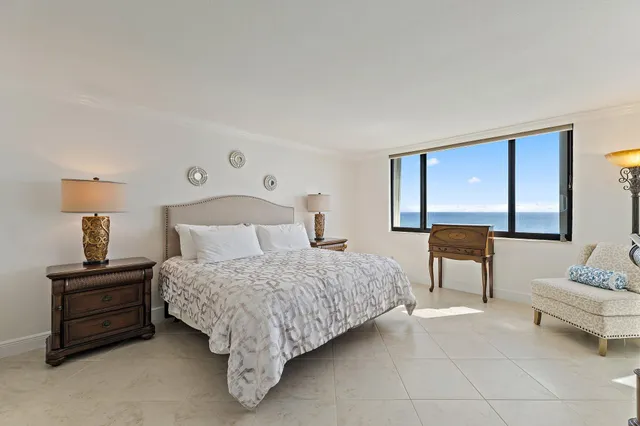 a bedroom with a bed and a flat screen tv on dresser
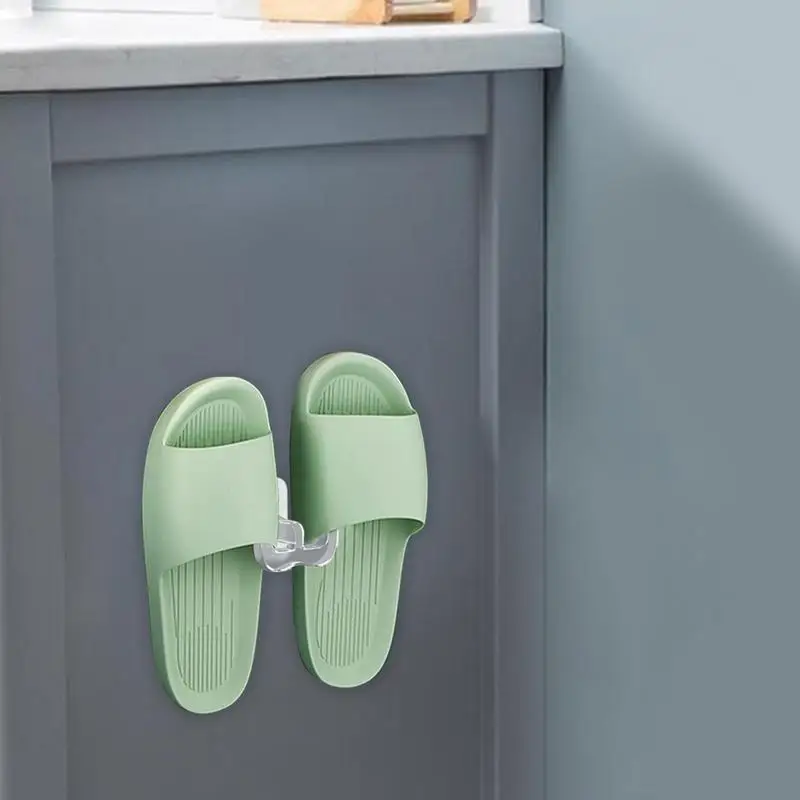 https://ae01.alicdn.com/kf/Se2fa2f4ab4f64477977cefc7e3884755Y/Shoes-Holder-For-Wall-Self-Adhesive-Bathroom-Simple-Punch-Free-Slipper-Hook-Shoe-Drying-Rack-Wall.jpg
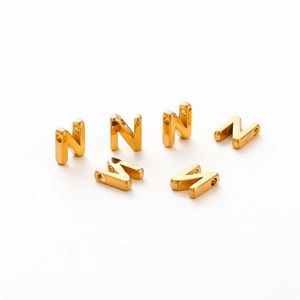 Close-up of six gold plated letter beads with 1.8mm holes for DIY jewelry making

§ YOUR OBJECTIVE
Copy the whole of the material above exactly, but not its images.

§ WRITTEN RESPONSE
 a bedroom with a bed and a flat screen tv on dresser
 https://ae01.alicdn.com/kf/Se2fa2f4ab4f64477977cefc7e3884755Y/Shoes-Holder-For-Wall-Self-Adhesive-Bathroom-Simple-Punch-Free-Slipper-Hook-Shoe-Drying-Rack-Wall.jpg
 Close-up of six gold plated letter beads with 1.8mm holes for DIY jewelry making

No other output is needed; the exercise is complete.